2 min read

Finding My Margin

Margin is the opposite of overload. If we are overloaded we have no margin.

A month ago, I was feeling good about the direction I was heading with my life. Little did I know that within a week of me hitting the publish button on Looking Forward to 2018 my work life would change dramatically. My workload tripled overnight. Not necessarily a bad change, but it was quite dramatic.

Over the past four weeks, I’ve been quite busy with work and trying to squeeze in things when I can. With the limited time I had available it meant pushing some things to the side, including my writing. I’m a little disappointed that I wasn’t able to maintain the writing goals I had set out, but at the same time, I feel content.

I don’t feel completely exhausted from the work, and don’t feel like I’m losing who I am through it. I am tired at times, yes, but not burnt out. I believe part of the reason for this is by creating the margin for myself to operate in. I had already pared back some of my viewing habits in the previous months to create some space in order to create; now, I am using that space to continue doing the work.

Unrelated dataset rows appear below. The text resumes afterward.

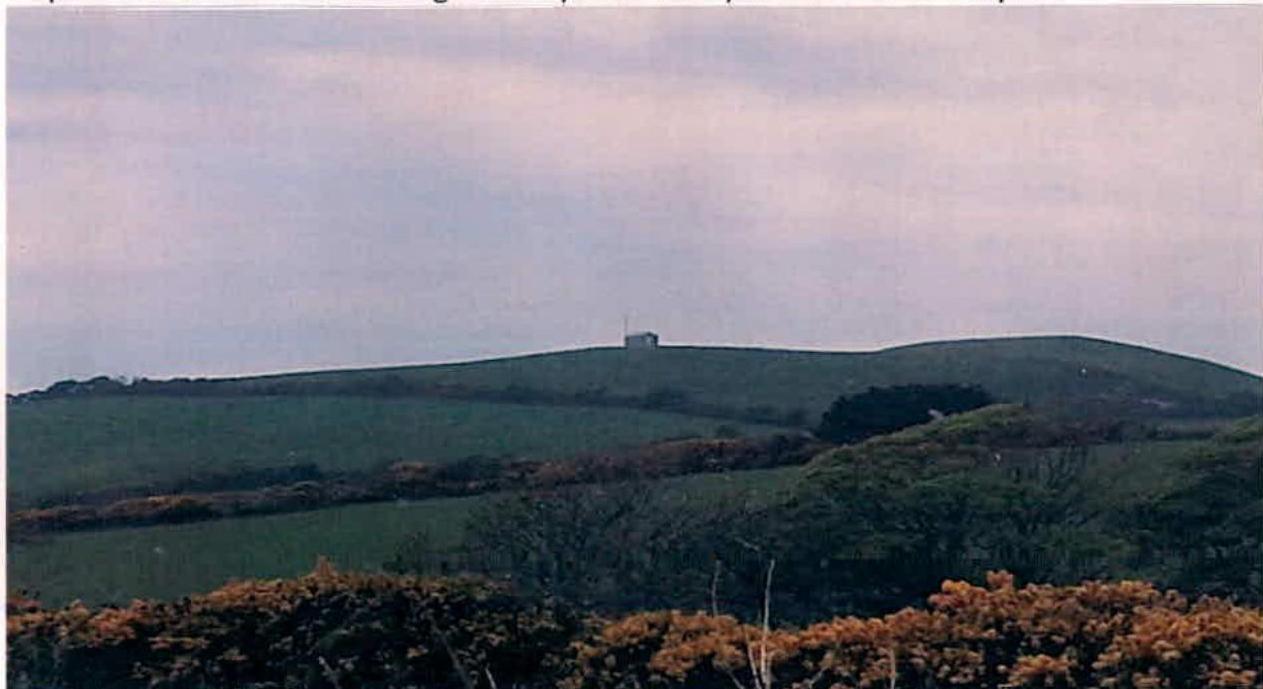 A photograph of a rural landscape showing a green rolling hill with a small structure visible on the ridge against an overcast sky.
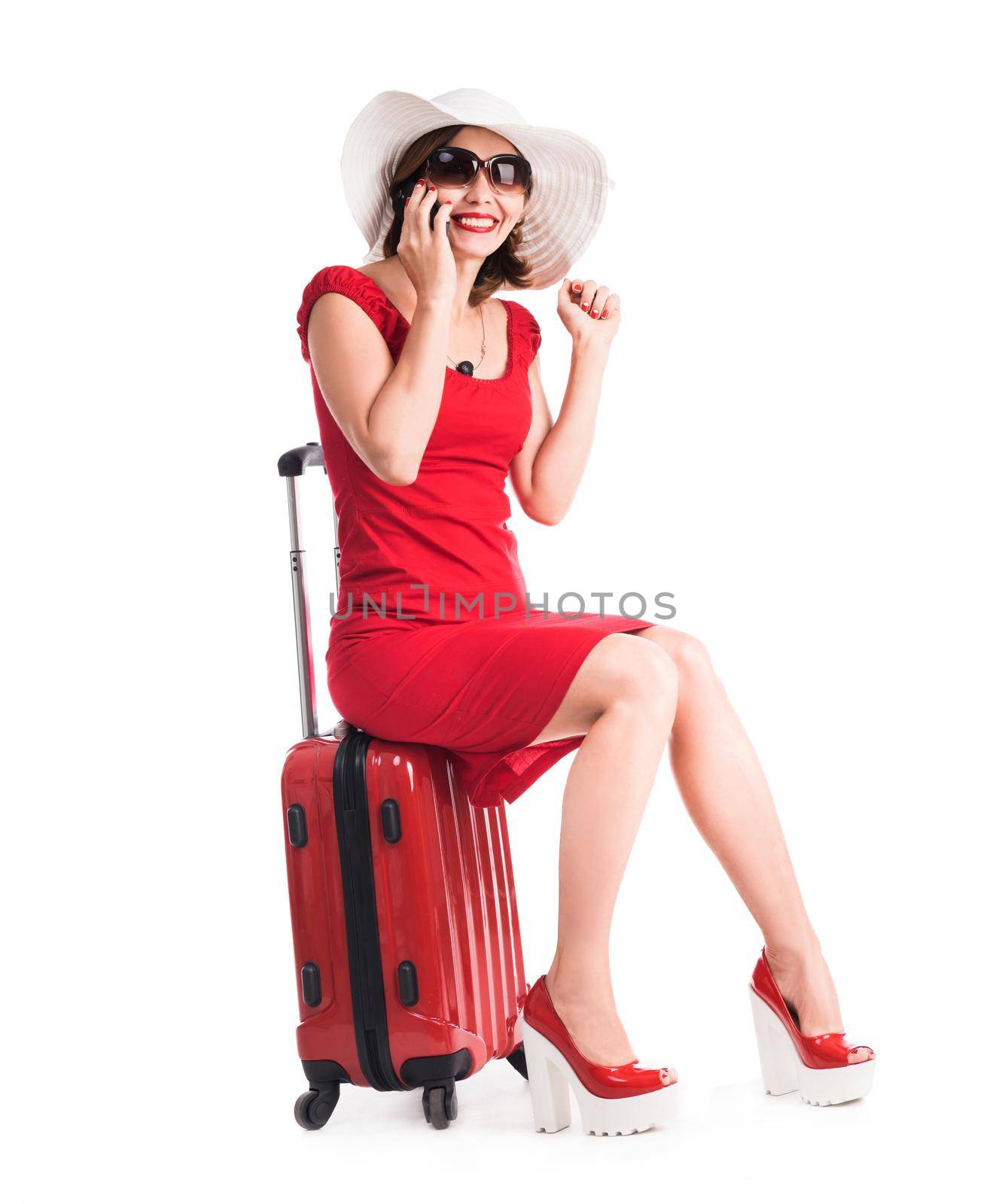 girl sitting on a suitcase and talking on a phone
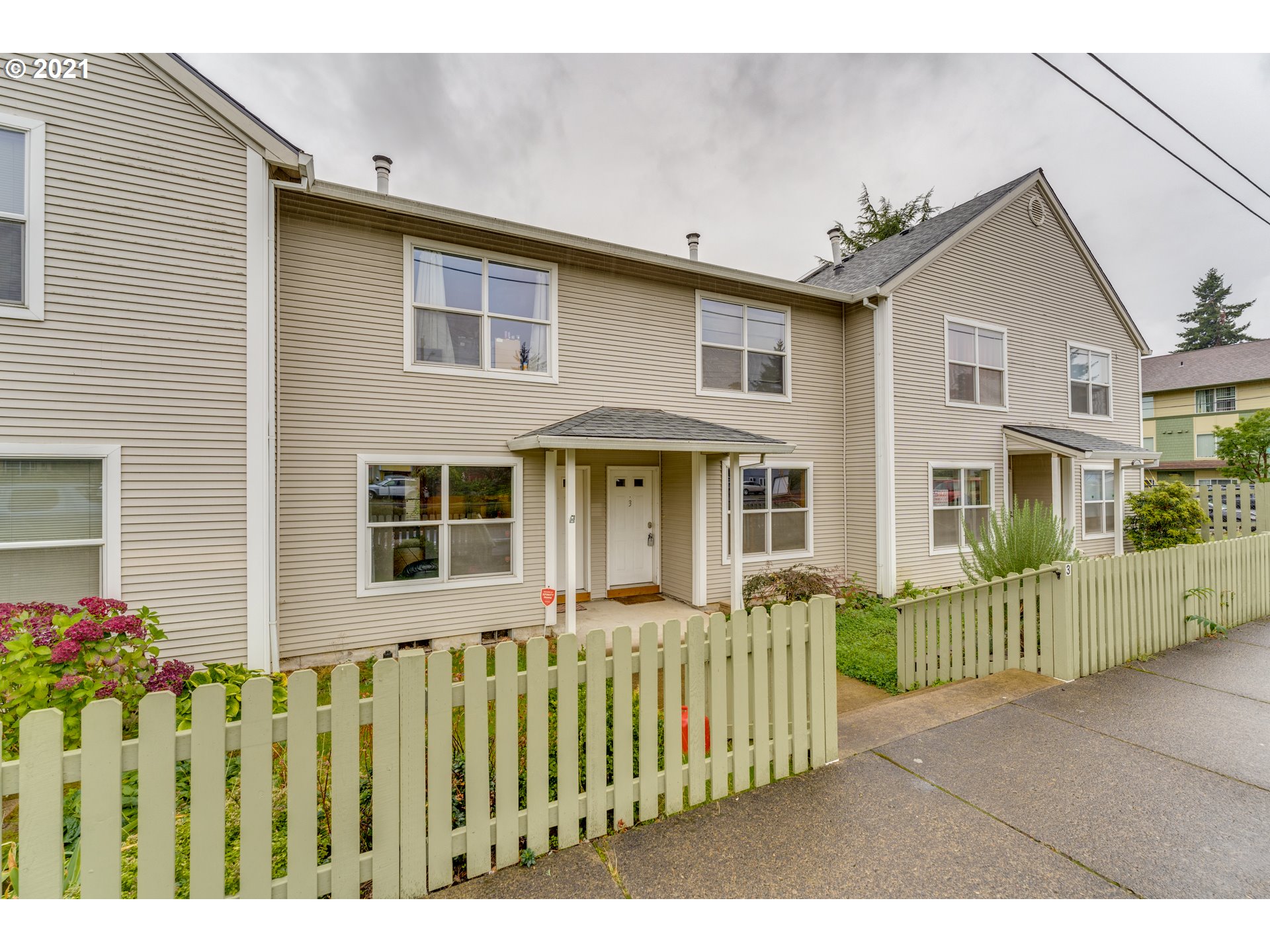 14134 East Burnside Street, Unit 4 Portland, OR 97233 - Photo 13 of 27 a front view of a house with a garden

I’m beginning to understand how margin affects my life. I have some time to work with and try to use that time the best I can to be productive or creative. I don’t need to try and do everything completely or even a bit of everything. I have been feeling good by completing a few tasks during that time and leaving the rest for another day.

During the latest episode of Fits + Starts, I listened to the hosts discuss time. One of the hosts discussed how he treats time in quite a different way. For most people, time is a limited resource. There are only so many hours in a day, so many days in a lifetime. Most people want to spend more time doing things they enjoy and that will lead to better experiences.

This host approaches it in a different way where time doesn’t create value, you create your own value in that time. Binge watching a show on Netflix may make you feel a wave of emotions, but you also spent six hours doing it. You could generate those same emotions by watching one Olympic event or a shorter movie. Investing more time into something doesn’t necessarily enhance the experience. In most cases, the reward at the end may be seen as less significant.

Because of the limited free time I have, I have been trying to do things that generate more satisfaction when they are done. Watching higher quality programming, or digging into good books instead of browsing online for example. I generally devote more time into my writing by refining things multiple times or taking more time to think and research. I’m not able to string multiple days in a row to focus on one project now. Instead, I’m going to try and create the best I can in the time I have available.

The main thing will be maintaining that margin and not shortening it by trying to do too much each day. Burning myself out will be the last thing I need in my life right now. Keep that space for myself and use it the best I can on a daily basis.